Exercise requirements | From the records below, output exactly the lines starting at the line with "Used 2026 Jeep" and ending at the line with "Moradia T4 para", both of them included, but no pictures.

Records supplied |
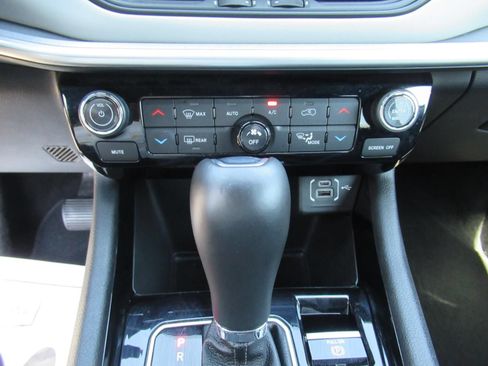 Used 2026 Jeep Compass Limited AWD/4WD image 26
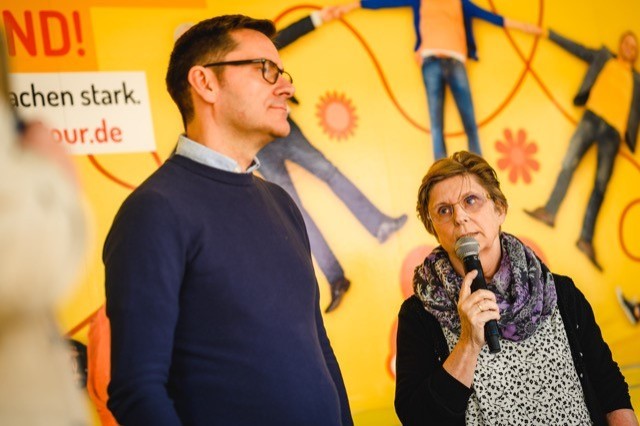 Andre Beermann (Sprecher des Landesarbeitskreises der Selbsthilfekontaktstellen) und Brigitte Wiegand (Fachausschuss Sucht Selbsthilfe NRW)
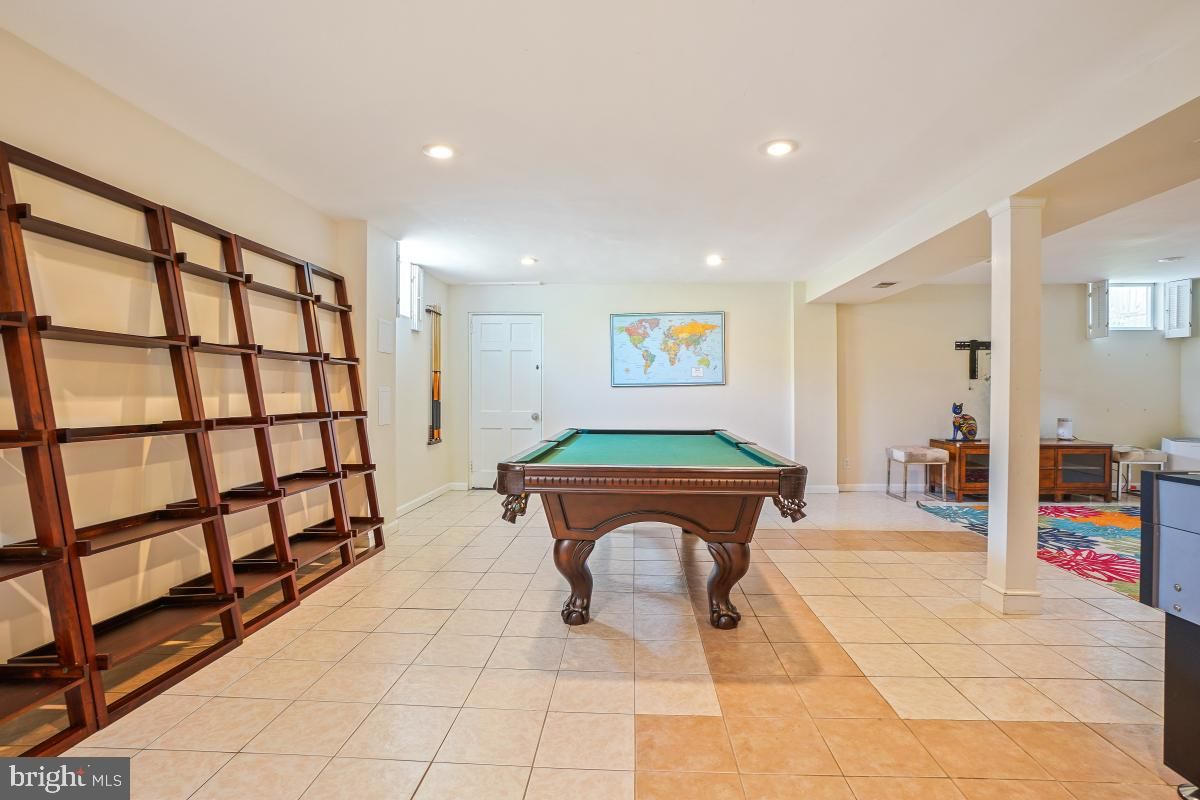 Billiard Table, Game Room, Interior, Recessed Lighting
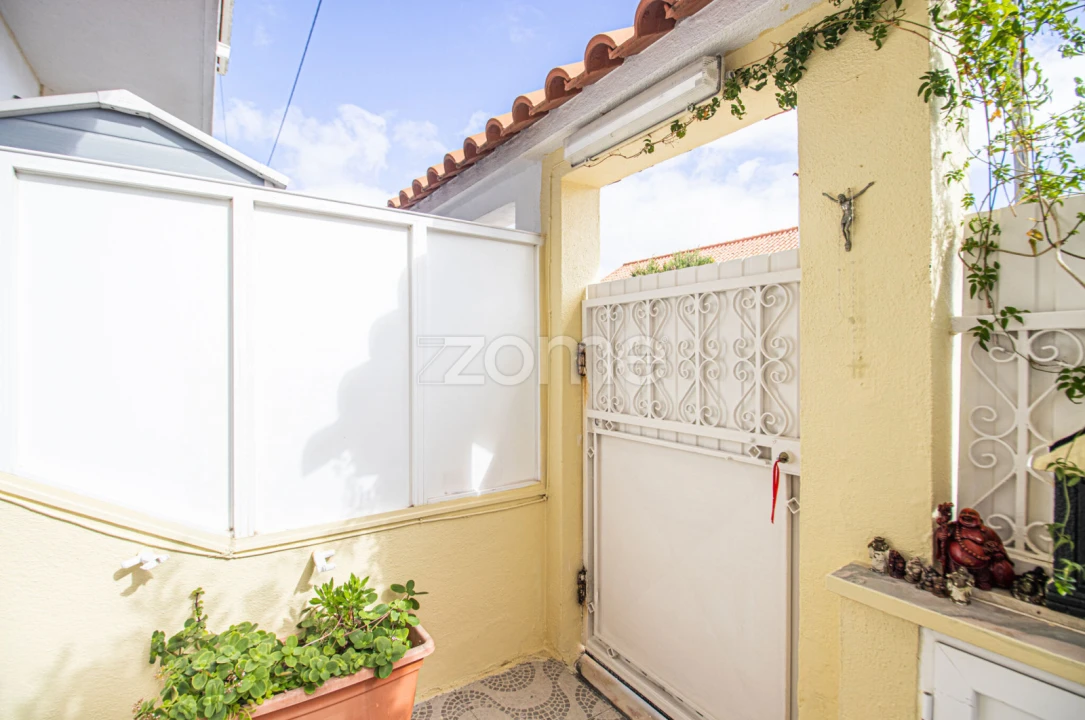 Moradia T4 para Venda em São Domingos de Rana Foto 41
--
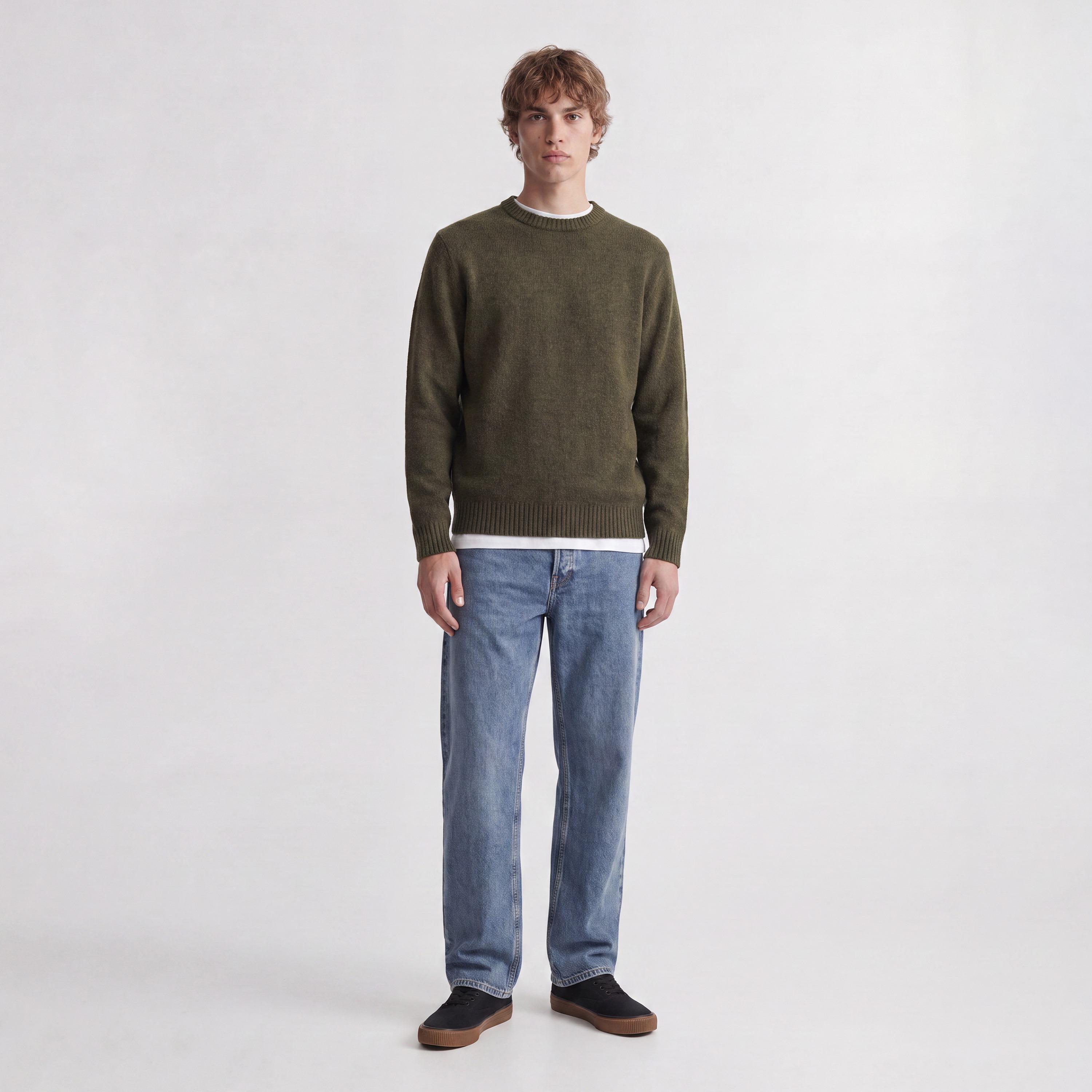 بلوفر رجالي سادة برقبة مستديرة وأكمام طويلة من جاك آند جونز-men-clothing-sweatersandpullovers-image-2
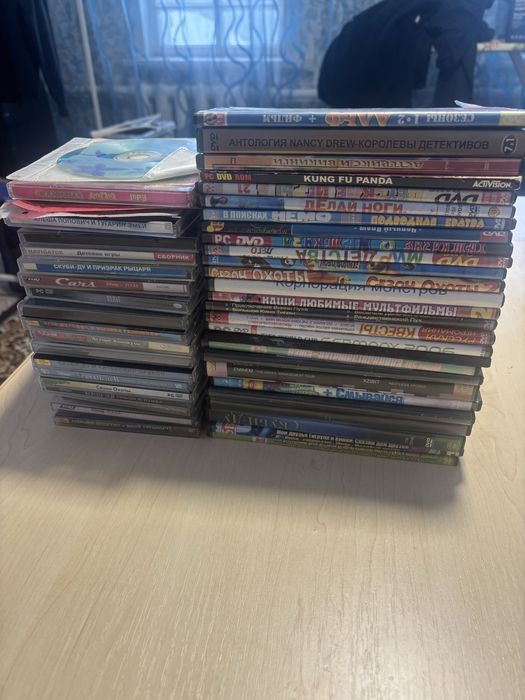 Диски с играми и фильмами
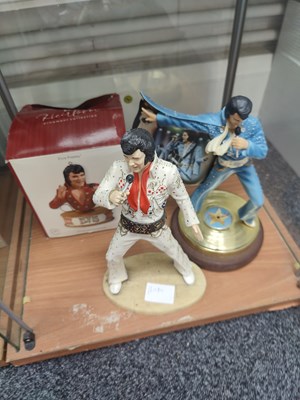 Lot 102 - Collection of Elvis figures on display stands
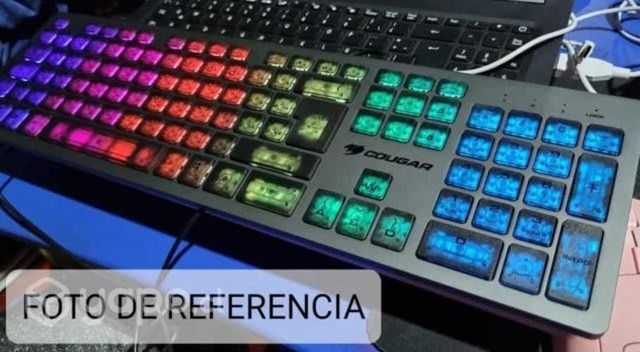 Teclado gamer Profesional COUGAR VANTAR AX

Answer to the problem |
 Used 2026 Jeep Compass Limited AWD/4WD image 26
 Andre Beermann (Sprecher des Landesarbeitskreises der Selbsthilfekontaktstellen) und Brigitte Wiegand (Fachausschuss Sucht Selbsthilfe NRW)
 Billiard Table, Game Room, Interior, Recessed Lighting
 Moradia T4 para Venda em São Domingos de Rana Foto 41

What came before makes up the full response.